* **ABOUT THIS TASK**
Keep the images out while you set down the data exactly.

*** Block opens ***

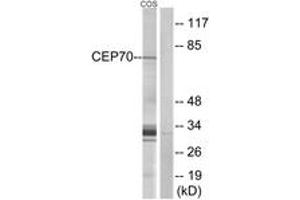 Western blot analysis of extracts from COS cells, using CEP70 Antibody. (CEP70 Antikörper  (AA 241-290))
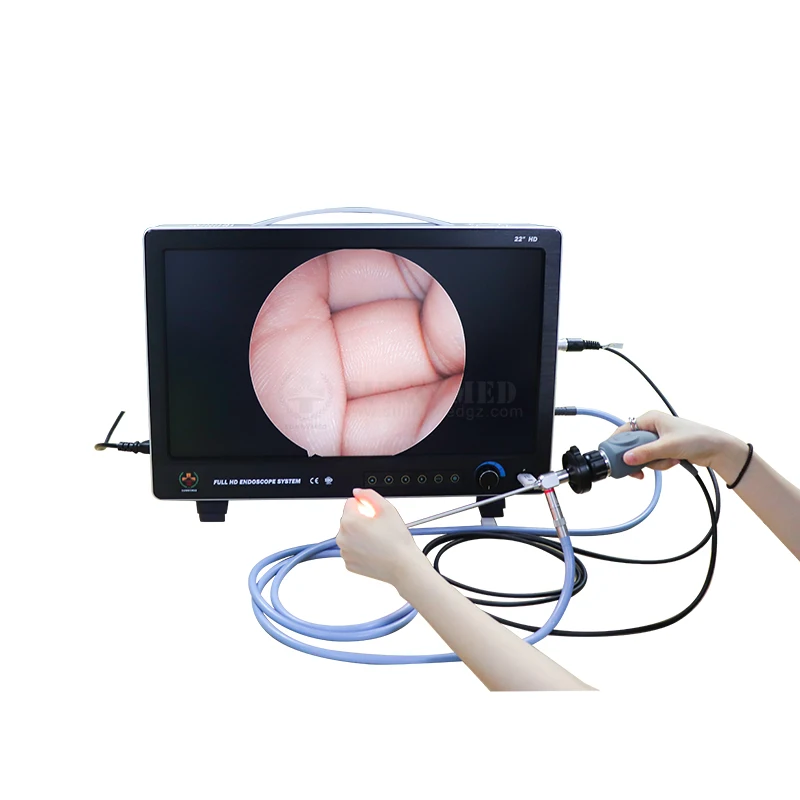 

SY-PS050 New Arrival 3CCD HD Camera Endoscope Video System for Laparoscopy Hysteroscopy Arthroscopy Fiber Endoscope
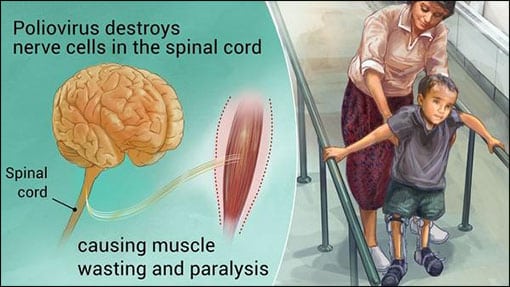 Post Polio Syndrome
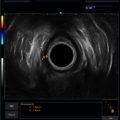 Echo-Son / ALBIT- Uniwersalny ultrasonograf / przykładowe obrazy / colorectal R510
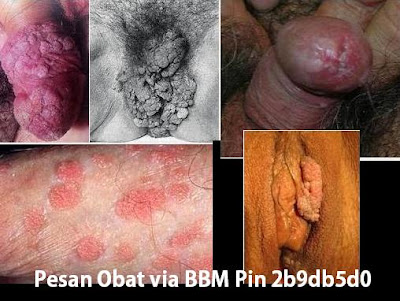 Obat Kutil Kelamin Selain Imiquimod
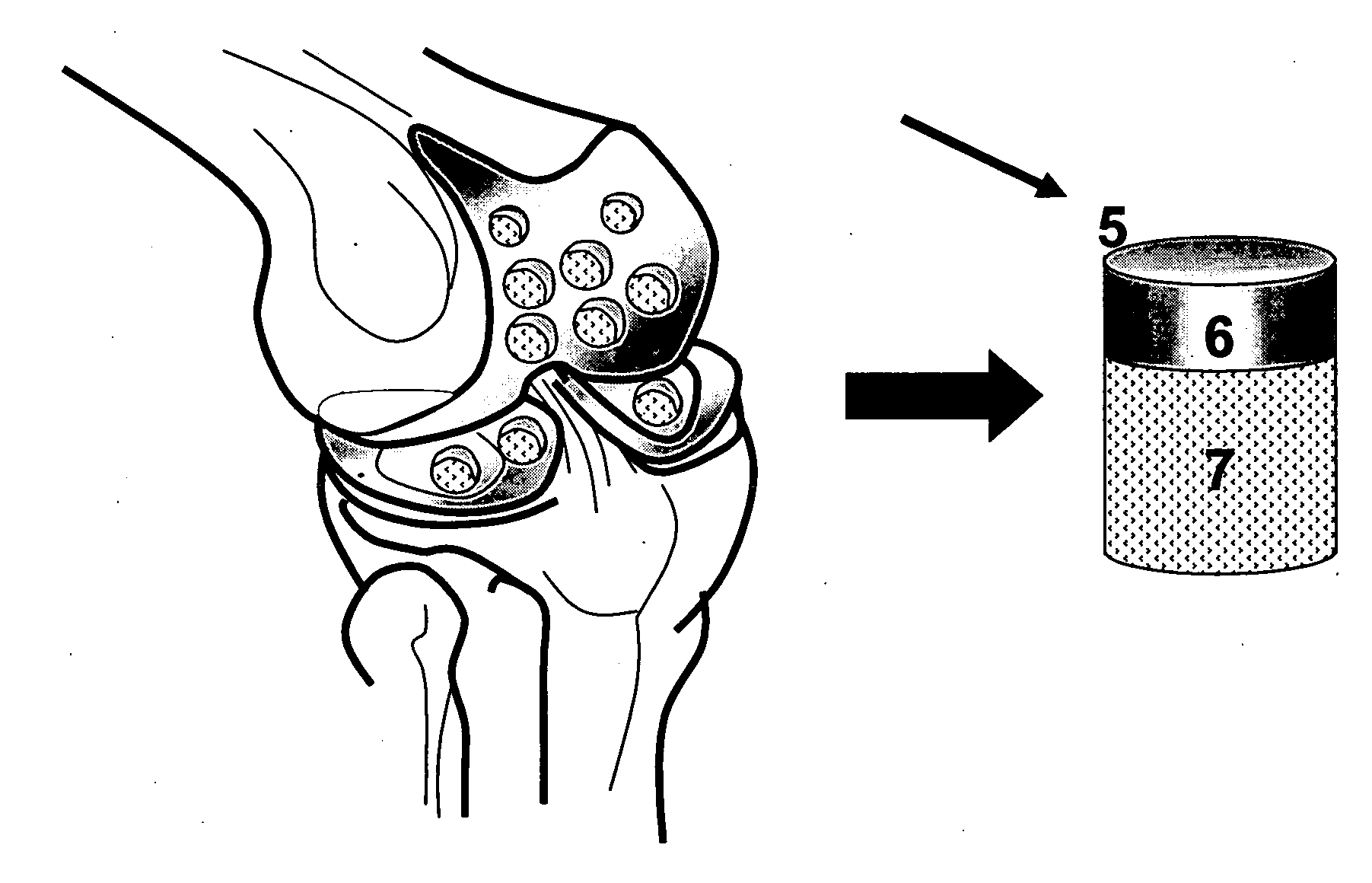 Cleaning and devitalization of cartilage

*** Block closes ***

* **WRITTEN REPLY**
 Western blot analysis of extracts from COS cells, using CEP70 Antibody. (CEP70 Antikörper  (AA 241-290))

SY-PS050 New Arrival 3CCD HD Camera Endoscope Video System for Laparoscopy Hysteroscopy Arthroscopy Fiber Endoscope
 Post Polio Syndrome
 Echo-Son / ALBIT- Uniwersalny ultrasonograf / przykładowe obrazy / colorectal R510
 Obat Kutil Kelamin Selain Imiquimod
 Cleaning and devitalization of cartilage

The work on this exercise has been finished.